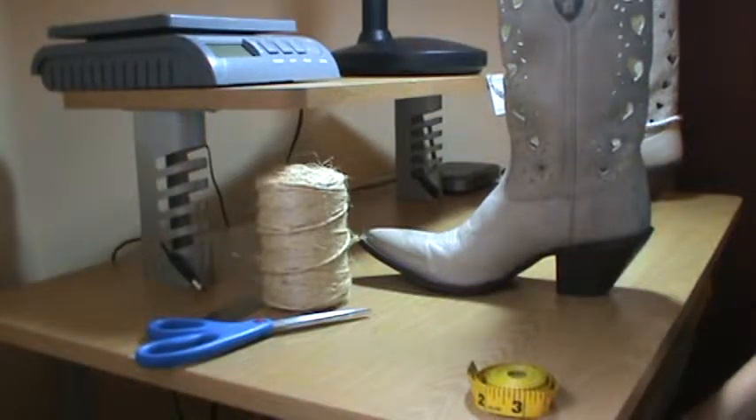Hi, I'm Valerie with Country Couture Boutique, and I'm here today to show you how to measure your boot for the perfect boot bracelet fit. Alright, let's get started.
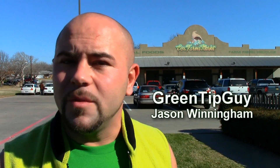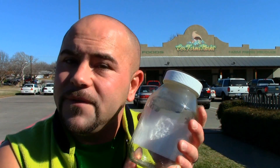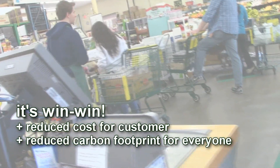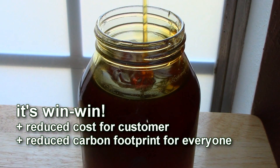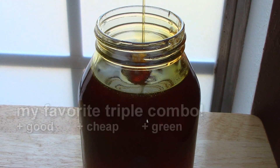Be sure to find a local market near you that will allow you to bring back your food containers so that you can refill them. I bring my empty jars back to my store to refill on honey. It's a lower cost to you and because you're using the same container it lowers our overall carbon footprint.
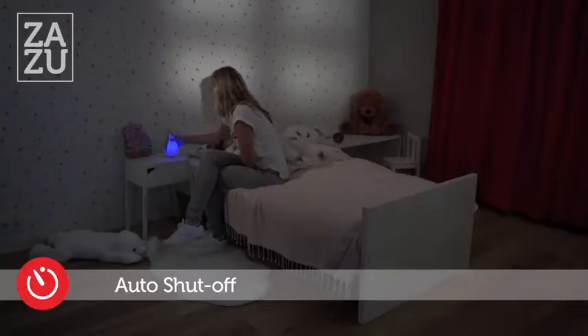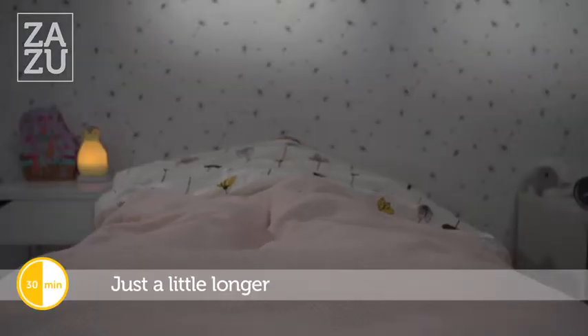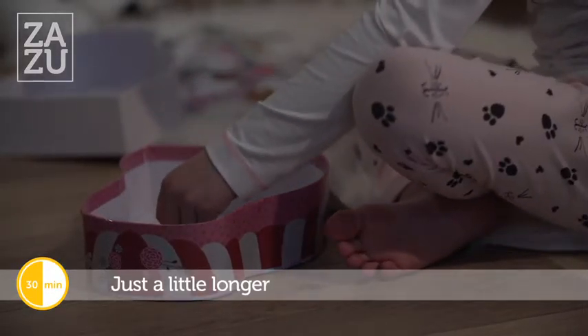Take Pam off the base and the light will automatically switch off. Pam has turned orange. This means you have to stay and play in your room for a little bit longer.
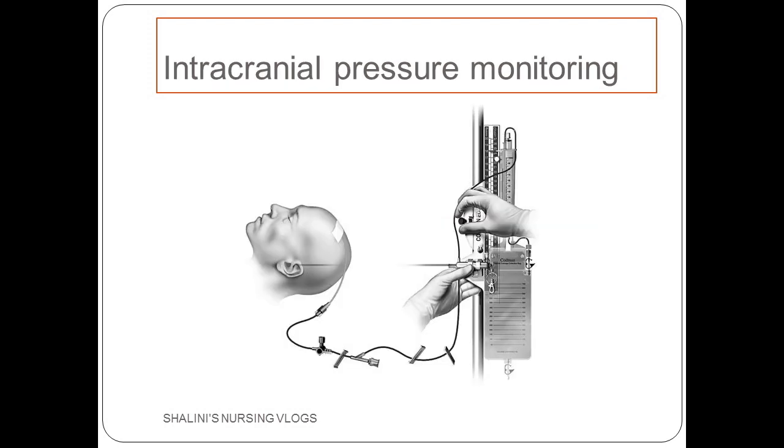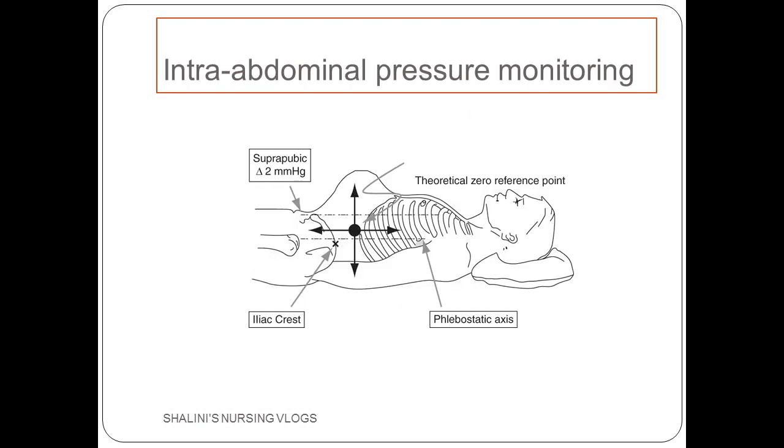In case of intracranial pressure monitoring, the transducer has to be leveled to the tragus of the patient — that particular point becomes the phlebostatic axis. In case of intra-abdominal pressure monitoring, the phlebostatic axis is at the level of the symphysis pubis, which becomes the reference point where you will level the transducer.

## [INSTRUCTIONS FOR THE TASK]
Give the data above again, exactly and completely. No pictures go in.

## [RESPONSE BOX]
Hi, I'm Valerie with Country Couture Boutique, and I'm here today to show you how to measure your boot for the perfect boot bracelet fit. Alright, let's get started.
Be sure to find a local market near you that will allow you to bring back your food containers so that you can refill them. I bring my empty jars back to my store to refill on honey. It's a lower cost to you and because you're using the same container it lowers our overall carbon footprint.
Take Pam off the base and the light will automatically switch off. Pam has turned orange. This means you have to stay and play in your room for a little bit longer.
In case of intracranial pressure monitoring, the transducer has to be leveled to the tragus of the patient — that particular point becomes the phlebostatic axis. In case of intra-abdominal pressure monitoring, the phlebostatic axis is at the level of the symphysis pubis, which becomes the reference point where you will level the transducer.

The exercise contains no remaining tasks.